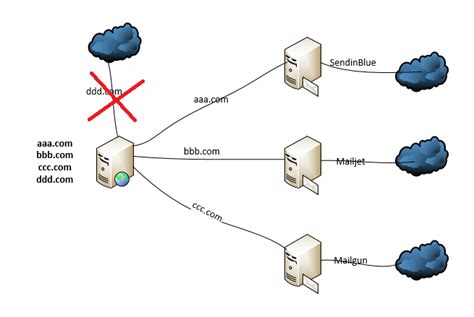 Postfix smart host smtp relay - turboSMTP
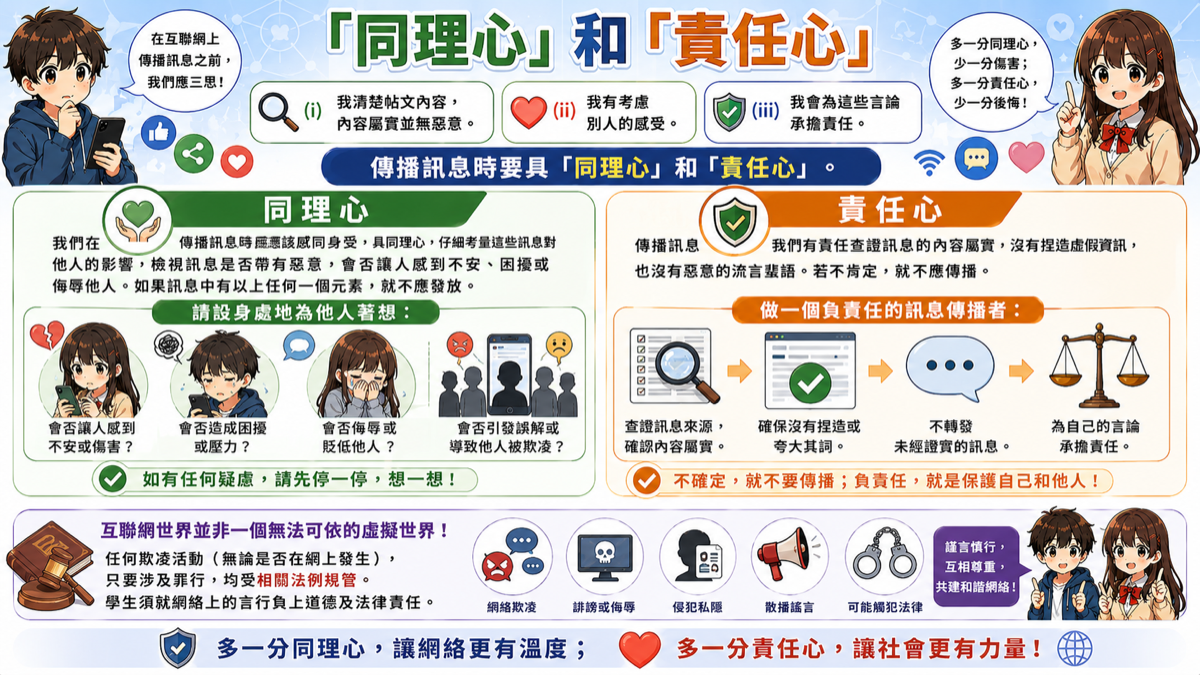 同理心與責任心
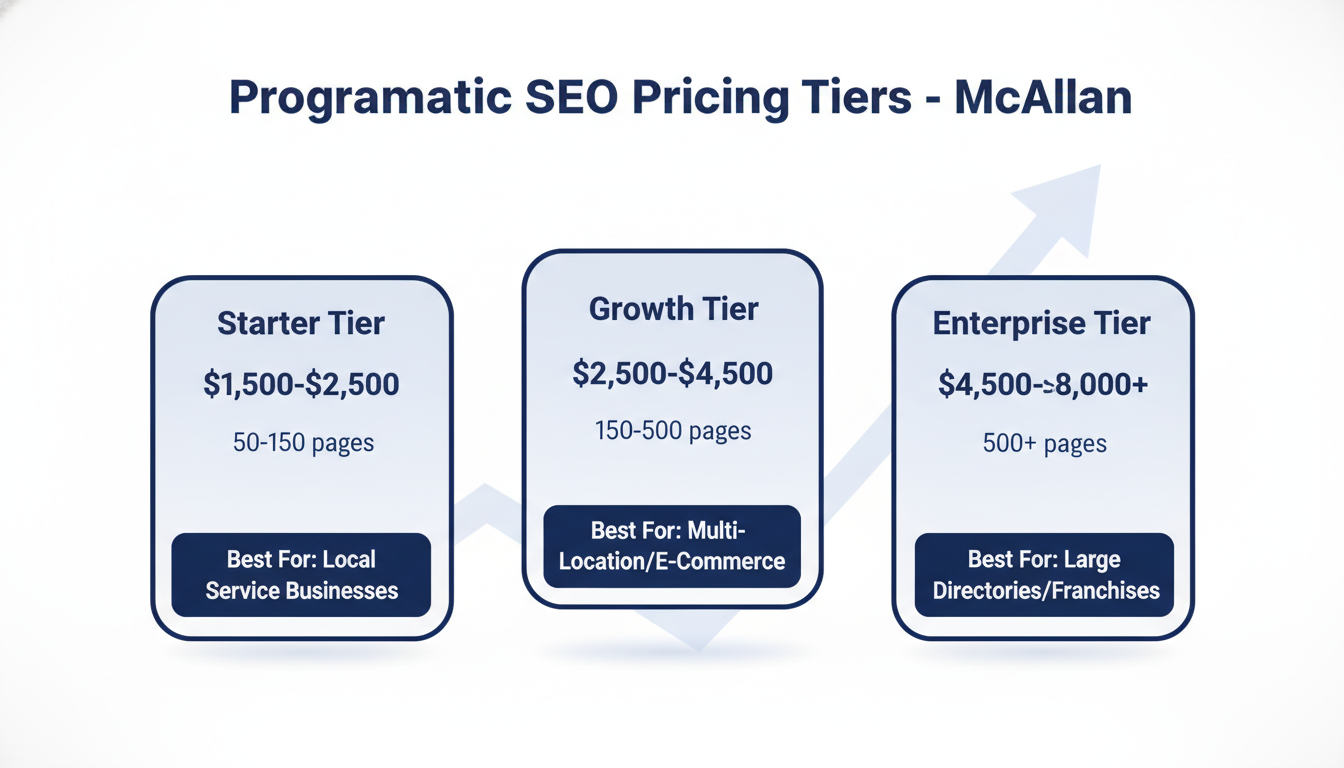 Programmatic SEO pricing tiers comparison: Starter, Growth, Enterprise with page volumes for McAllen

☆ ☆ ☆

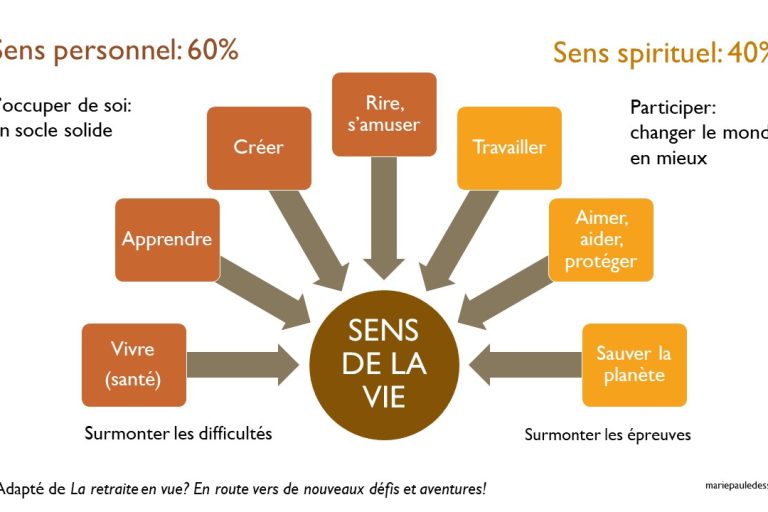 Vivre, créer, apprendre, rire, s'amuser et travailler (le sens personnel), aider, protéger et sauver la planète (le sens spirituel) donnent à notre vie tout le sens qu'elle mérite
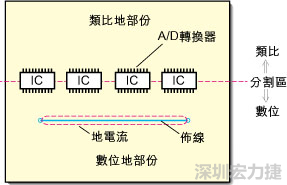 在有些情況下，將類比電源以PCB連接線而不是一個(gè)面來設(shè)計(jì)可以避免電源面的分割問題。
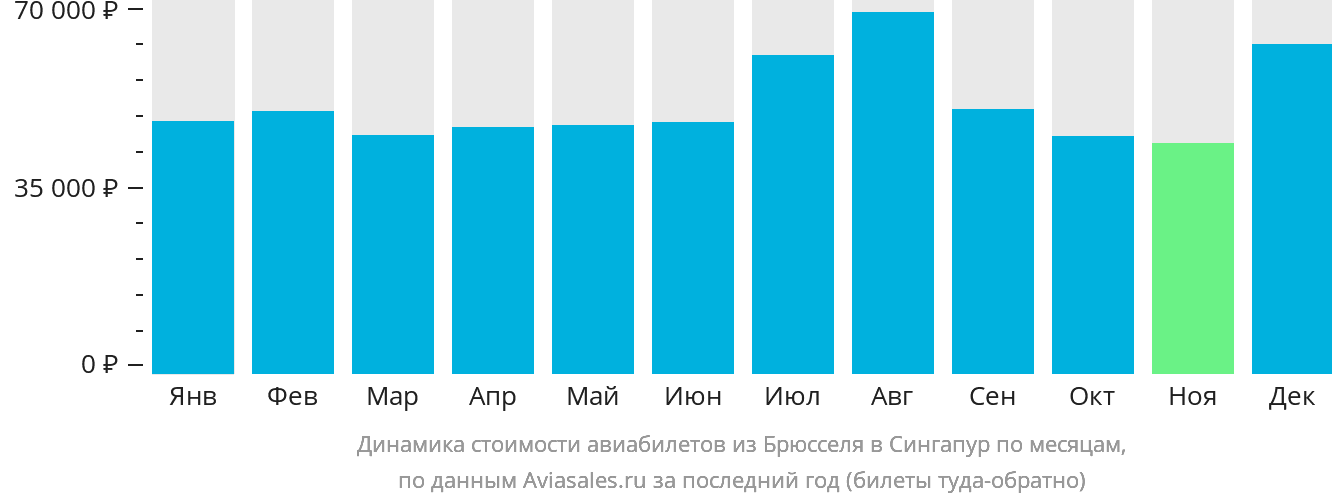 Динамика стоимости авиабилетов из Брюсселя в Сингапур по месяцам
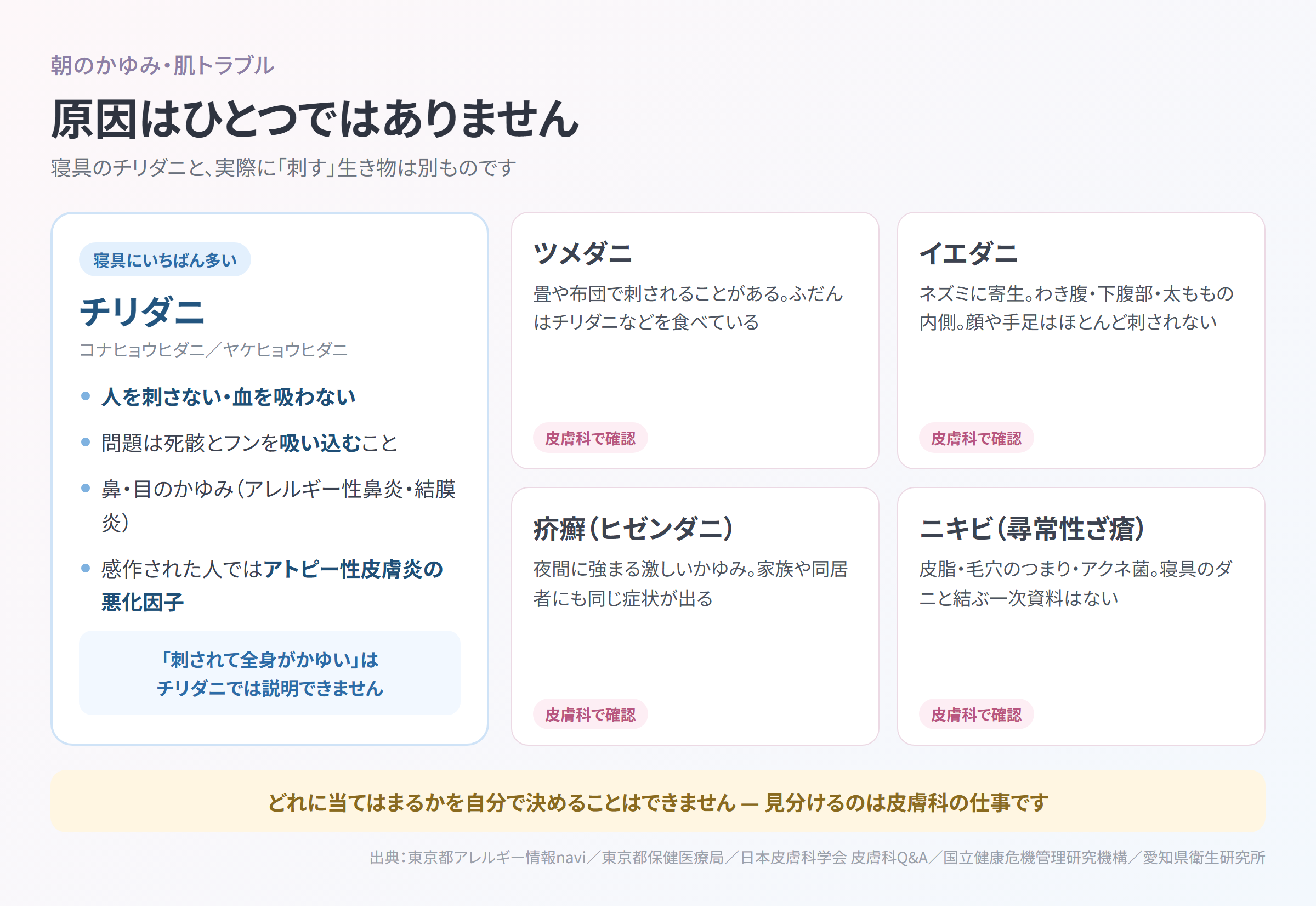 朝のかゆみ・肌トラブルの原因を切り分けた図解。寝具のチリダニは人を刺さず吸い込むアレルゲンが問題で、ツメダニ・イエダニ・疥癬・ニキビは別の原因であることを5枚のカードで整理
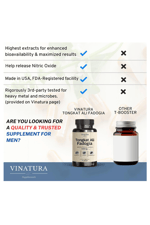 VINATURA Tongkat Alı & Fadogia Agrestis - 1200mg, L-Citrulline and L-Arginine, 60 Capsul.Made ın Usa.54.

☆ ☆ ☆

# Task goal:
Line for line, output the entries above from the line with "Postfix smart host smtp relay - turboSMTP" to the line with "Programmatic SEO pricing", both included, and nothing more. Skip pictures.

# Answer section:
 Postfix smart host smtp relay - turboSMTP
 同理心與責任心
 Programmatic SEO pricing tiers comparison: Starter, Growth, Enterprise with page volumes for McAllen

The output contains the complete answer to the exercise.